South Asia's Hinge Moment
Nightmares of despair and disaster are an occupational hazard for those who follow developments in South Asia. But for once, the news from the region is not uniformly grim. Washington should take note.
National elections throughout the region have produced victors who, compared to their predecessors, appear to be agents of change. Elections last year in India and Afghanistan fit this pattern. But the starkest example is also the most recent: Sri Lankan voters, in an outcome anticipated by almost no one, summarily dispatched an autocratic ruler who had appeared entrenched for the long run this January.
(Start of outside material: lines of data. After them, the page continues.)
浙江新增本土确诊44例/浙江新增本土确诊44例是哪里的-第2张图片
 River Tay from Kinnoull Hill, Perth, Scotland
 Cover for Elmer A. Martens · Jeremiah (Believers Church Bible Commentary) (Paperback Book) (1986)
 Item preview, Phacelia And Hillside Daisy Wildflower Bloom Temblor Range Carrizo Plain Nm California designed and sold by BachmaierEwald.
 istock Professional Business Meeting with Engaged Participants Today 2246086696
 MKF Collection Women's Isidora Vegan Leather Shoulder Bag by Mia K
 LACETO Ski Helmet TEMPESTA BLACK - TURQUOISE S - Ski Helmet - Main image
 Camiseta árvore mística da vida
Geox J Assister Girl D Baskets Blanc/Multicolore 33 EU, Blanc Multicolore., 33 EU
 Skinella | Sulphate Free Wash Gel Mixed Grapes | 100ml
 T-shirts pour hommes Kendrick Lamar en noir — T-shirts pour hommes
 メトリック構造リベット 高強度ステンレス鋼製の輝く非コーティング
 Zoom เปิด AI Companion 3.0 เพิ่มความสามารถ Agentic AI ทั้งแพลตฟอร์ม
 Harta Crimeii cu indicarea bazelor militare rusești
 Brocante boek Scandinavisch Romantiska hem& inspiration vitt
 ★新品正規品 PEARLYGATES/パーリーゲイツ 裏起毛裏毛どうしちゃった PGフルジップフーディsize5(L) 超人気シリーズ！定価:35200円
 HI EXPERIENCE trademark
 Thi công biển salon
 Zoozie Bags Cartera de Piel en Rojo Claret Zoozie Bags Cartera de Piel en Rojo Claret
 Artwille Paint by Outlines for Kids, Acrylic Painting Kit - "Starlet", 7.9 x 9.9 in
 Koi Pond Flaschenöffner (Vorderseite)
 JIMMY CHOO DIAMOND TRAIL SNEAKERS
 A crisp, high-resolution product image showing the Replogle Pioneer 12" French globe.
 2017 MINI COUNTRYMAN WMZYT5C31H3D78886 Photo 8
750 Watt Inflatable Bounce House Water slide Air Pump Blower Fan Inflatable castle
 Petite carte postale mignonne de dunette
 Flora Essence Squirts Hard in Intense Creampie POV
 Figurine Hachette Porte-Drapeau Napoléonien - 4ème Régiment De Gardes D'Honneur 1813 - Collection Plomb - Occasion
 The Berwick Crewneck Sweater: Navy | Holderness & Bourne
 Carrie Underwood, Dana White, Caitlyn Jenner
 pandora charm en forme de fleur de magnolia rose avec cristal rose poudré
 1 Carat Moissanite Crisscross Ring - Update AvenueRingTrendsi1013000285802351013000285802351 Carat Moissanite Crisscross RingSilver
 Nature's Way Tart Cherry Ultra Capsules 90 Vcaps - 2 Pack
The encouraging signs go beyond elections. By some measures, India has surpassed China to boast the fastest growing economy in the world. The new prime minister, Narendra Modi, has taken a meat cleaver to bureaucracy and venality. In Pakistan, the army’s offensive against extremists in North Waziristan has proved far more sustained than most observers had expected. The December 16 massacre of 150 people in Peshawar, most of them young schoolchildren, seems to have reinforced Pakistan’s commitment to combating terrorist violence.
Internationally, the region is experiencing a remarkable degree of change. The Modi government has demonstrated vitality and a capacity for surprise—Modi’s invitation to Pakistan’s prime minister to attend his inauguration, for instance. India-Pakistan relations remain glacial, but India’s top diplomat visited Pakistan last week. An early sign of thawing relations between the two states would be progress on long-stalled plans for cross-border trade liberalization.
Pakistan and Afghanistan, bitter adversaries from the moment of Pakistan’s creation in 1947, are now consulting and even coordinating military operations along their joint border in a manner that could not have been anticipated a year ago. Afghan President Ashraf Ghani made a successful visit to Islamabad last autumn, and Pakistan seems to be prodding the Taliban to enter into serious talks with Kabul.
China has suddenly taken an interest in brokering a political settlement between Kabul and the Taliban. Ghani’s first official visit abroad was to Beijing. Recent China-Afghanistan-U.S. and China-Afghanistan-Pakistan trilateral consultations on Afghanistan’s future represented an unprecedented but welcome level of Chinese involvement in the region. Diplomatic sources indicate that Chinese President Xi Jinping will visit Islamabad in the coming months; presumably an Afghan settlement will be at the top of his agenda.
Russia, which for decades has been closely linked to India, is now displaying new interest in Pakistan; the Russian defense minister recently became the first Russian defense minister ever to visit Islamabad. Last month Russia, China, and India held their own trilateral meeting.
Of course, disappointments and setbacks remain plentiful. President Ghani has yet to create a full Cabinet. Many analysts found the annual budget introduced by Modi last month overly cautious. Pakistan’s political system seems as dysfunctional as ever, while politics in underachieving Bangladesh are—to use a precise term—god-awful.
Nor will all this diplomatic churning produce productive results. Relations between India and Pakistan, for instance, remain hostage to terror attacks by groups eager to sabotage warming ties. China and India are no closer to settling their disputed border. A peace settlement in Afghanistan remains a distant hope.
Nonetheless, change is in the air. Might this be a hinge moment for South Asia, a moment when old patterns are broken and new ones begin to jell? The smart money would bet otherwise. But Washington would do well to take cognizance of these shifting winds. Indeed, by visiting India in January for a second time, President Obama has already shown that he believes his prediction that the U.S.-India relationship will become one of the defining partnerships of the 21st century.
The Obama administration is also reconsidering its timetable for the drawdown of American troops from Afghanistan. In a potentially important shift, the United States and China, who bump heads on so many issues around the globe, find their fundamental interests in South Asia unaccustomedly aligned. Consultation, coordination, and cooperation on Afghanistan and Pakistan might serve to smooth some of the rough edges off what under the best of circumstances will be a prickly, even dangerous, rivalry.
But there is much more the Obama administration can do to improve its policy toward South Asia.
First, since tension with India distracts the Pakistani military from anti-extremist operations along the Afghan border, President Obama should use his good personal chemistry with Modi to encourage concrete steps to reduce tension between India and Pakistan.
Second, successive U.S. administrations have yet to figure out an effective foreign assistance strategy for Afghanistan or Pakistan despite having provided them billions of aid dollars, much of it wasted, over the years.
Third, the administration has been distressingly quiet on political thuggery in Bangladesh.
Fourth, responsibilities for South Asia in both the State Department and the Pentagon remain split among competing offices and bureaus, while the CIA and other intelligence agencies have sometimes seemed to conduct their own foreign policies in Pakistan and Afghanistan. Better U.S. government coordination of policy, probably at the level of the National Security Council, is essential.